WASHINGTON – When President Bush signed into law the $350 billion Jobs and Growth plan he had pushed through Congress, state governments got a serious helping hand from the federal government. The President\’s plan contained $20 billion of direct assistance to state governments to help them get through their current budget difficulties.
The state aid was meant to help states balance their budgets without resorting to tax increases – higher taxes at the state level could offset the economic advantages from the President\’s tax cuts. But Gov. Kenny Guinn of Nevada, Gov. Jim McGreevey of New Jersey, Gov. Ed Rendell of Pennsylvania, Gov. Janet Napolitano of Arizona, Gov. Ruth Ann Minner of Delaware, Gov. Dirk Kempthorne of Idaho, Gov. Bob Holden of Missouri and others seem ready to go ahead with their massive tax increases unchanged.
"Is this $20 billion just a payoff to state governors, or is it a genuine attempt to relieve struggling states?" asked taxpayer advocate Grover Norquist, president of Americans for Tax Reform. "If state leaders continue with planned tax hikes and spend their federal assistance on other things, it will demonstrate clearly where their priorities lie. In addition, tax increases in the states would be the worst policy choice for state leaders. The Bush tax cuts are meant to get the economy moving again, but a state tax hike could negate the benefits of the tax cut within that state."
The dollar amounts that states will be receiving are based on population and are quite high – California will get $2.39 billion, New York will get $2.04 billion, Ohio will get $769 million, Illinois $780 million, Oregon $242 million and Washington State $401 million.

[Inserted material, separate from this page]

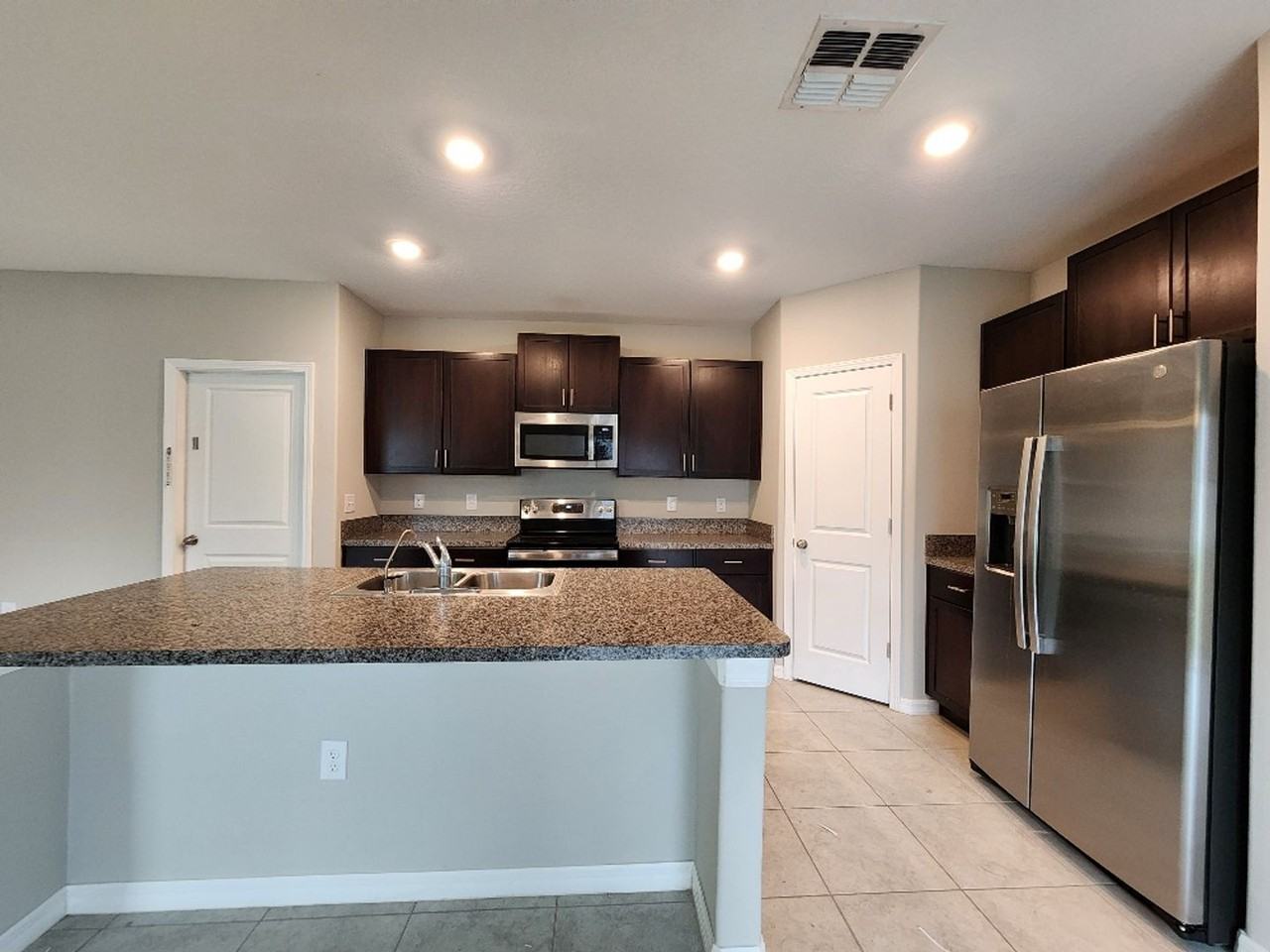 10231 Bright Crystal Ave - Photo 6 of 31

"For those states that have made the tough choices and have balanced their budgets WITHOUT tax hikes, they should use their federal assistance to cut taxes, rather than spending the money on unnecessary projects just because more money appeared," continued Norquist.
"Taxpayers must hold their state leaders\’ feet to the fire. States should reduce proposed tax increases, dollar for dollar, by the amount of federal assistance they receive."